Linear quotients, linear resolutions and the lcm-lattice
Roni Varshavsky
TL;DR
The paper characterizes when monomial ideals have linear quotients and linear resolutions via their lcm-lattices. It proves that an ideal $I$ generated in degree $d$ has linear quotients if and only if its lcm-lattice $L(I)$ is $d$-degree graded and CL-shellable, and that $I$ has a $d$-linear resolution if and only if $L(I)$ is $d$-degree graded and Cohen–Macaulay. It further connects these lattice conditions with the Alexander dual of the associated simplicial complex, detailing correspondences between CL-shellability and shellability in the dual, and provides a lattice-theoretic perspective on edge ideals, including cochordality of graphs. The results unify homological invariants of monomial ideals with combinatorial/topological structures of lcm-lattices and their dual complexes, offering a framework to transfer problems across commutative algebra, combinatorics, and topology. Practical implications include new criteria for detecting linear quotients and linear resolutions from lattice properties and implications for edge ideals and chordality.
Abstract
Linear resolutions and the stronger notion of linear quotients are important properties of monomial ideals.
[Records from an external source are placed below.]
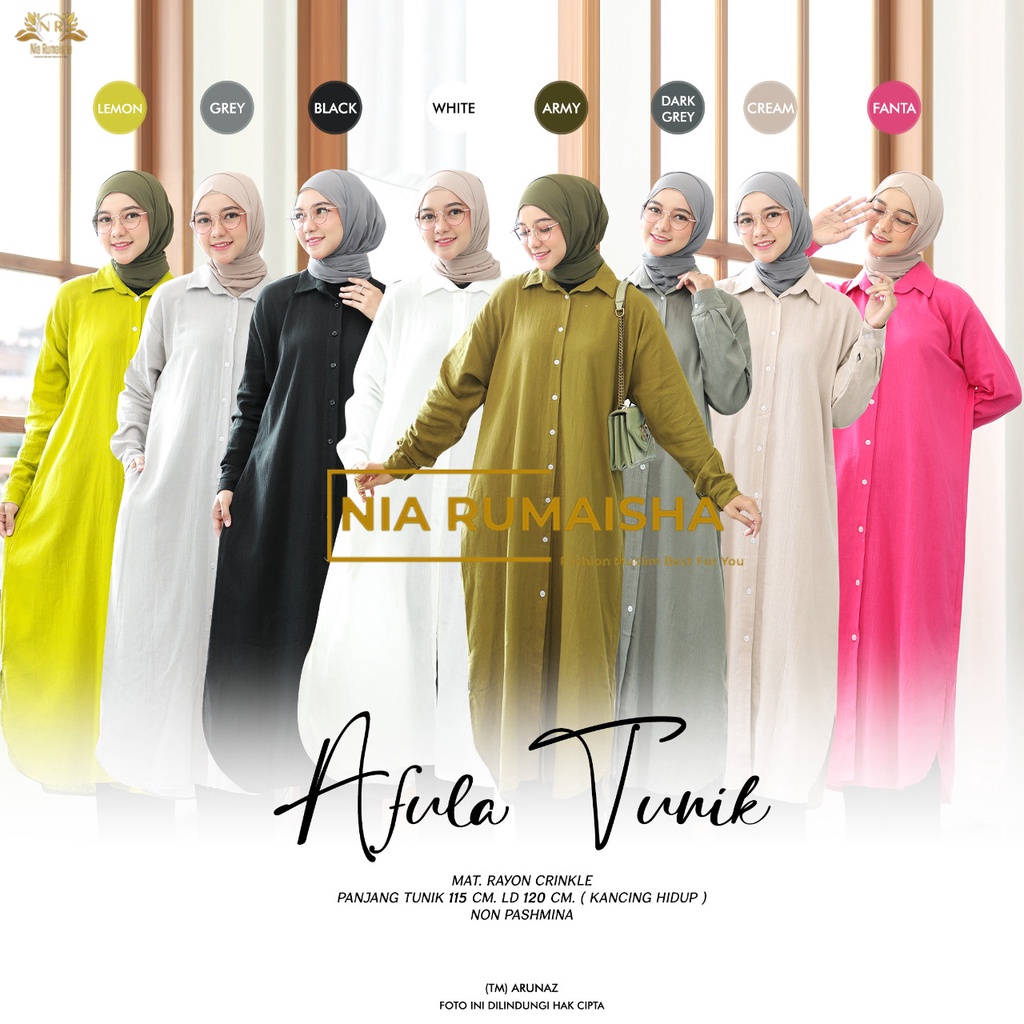AFULA TUNIK ATASAN POLOS BAHAN RAYON CRINKLE ORIGINAL NIA RUMAISHA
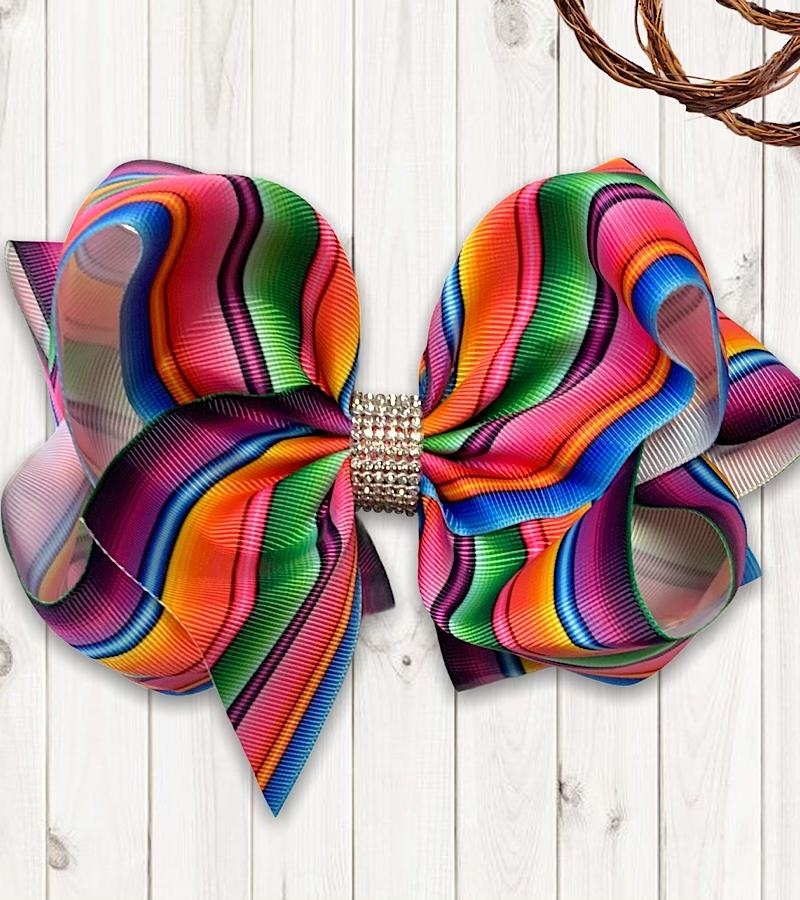 Large Rhinestone Serape Multi Color Western Hair Bow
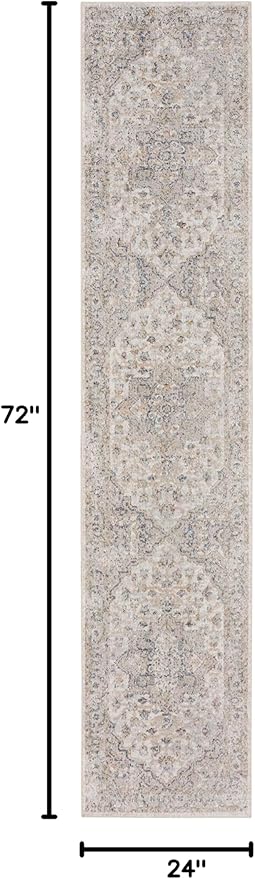 Nourison Home Astra Machine Washable Silver Grey 2' x 6' Area Rug - Easy Clean, Non Shedding, Bed Room, Living Room, Dining Room, Kitchen (6' Runner)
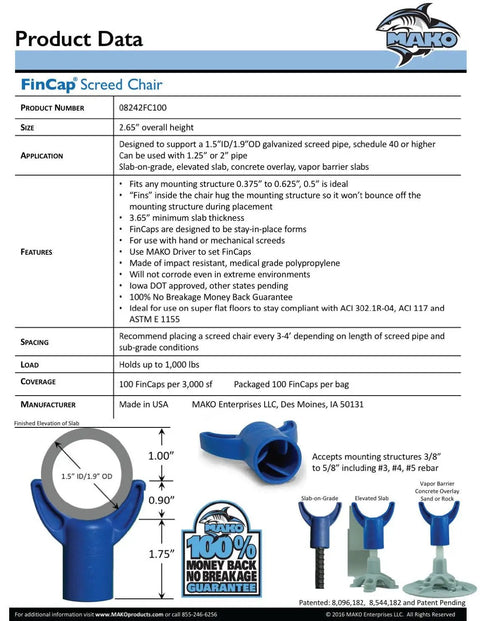 FinCap Concrete Screed Chair Stay In Place Slab Support For 1-1/2 Inch ID Pipe Non Corrosive Polymer Fits 1/2 Inch Or 5/8 Inch Rebar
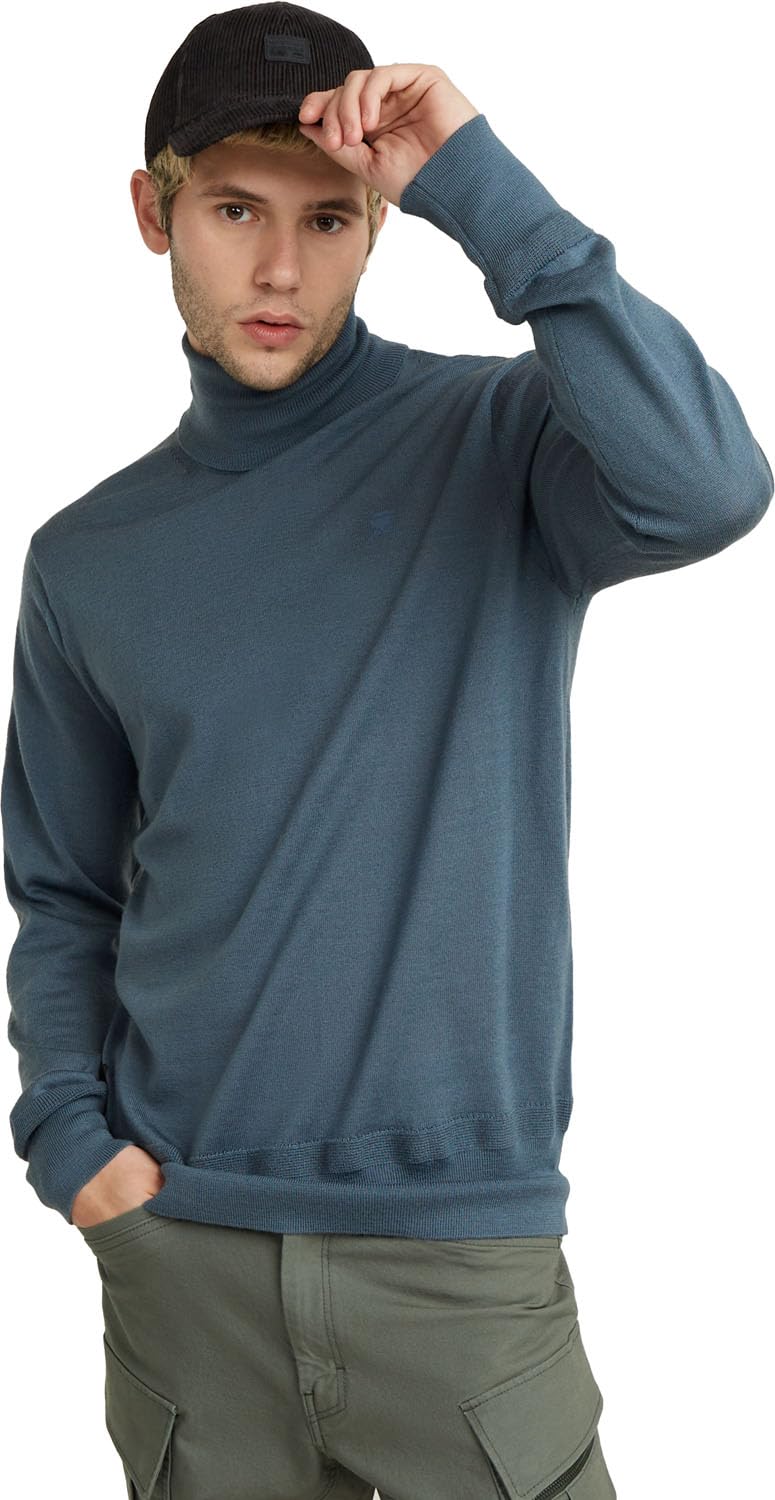 G-STAR Herren Premium Core Turtle Knitted Sweater XS Blau (Avio D25177-d847-1820), XS Blau (Avio D25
In this paper, we fully characterize linear quotients in terms of the lcm-lattice of monomial ideals. We also formulate an analogous characterization for monomial ideals with linear resolutions, making explicit a relationship that is implicit in the existing literature. These results complement characterizations of these two properties in terms of the Alexander dual of the corresponding Stanley-Reisner simplicial complex. In addition, we discuss applications to the case of edge ideals.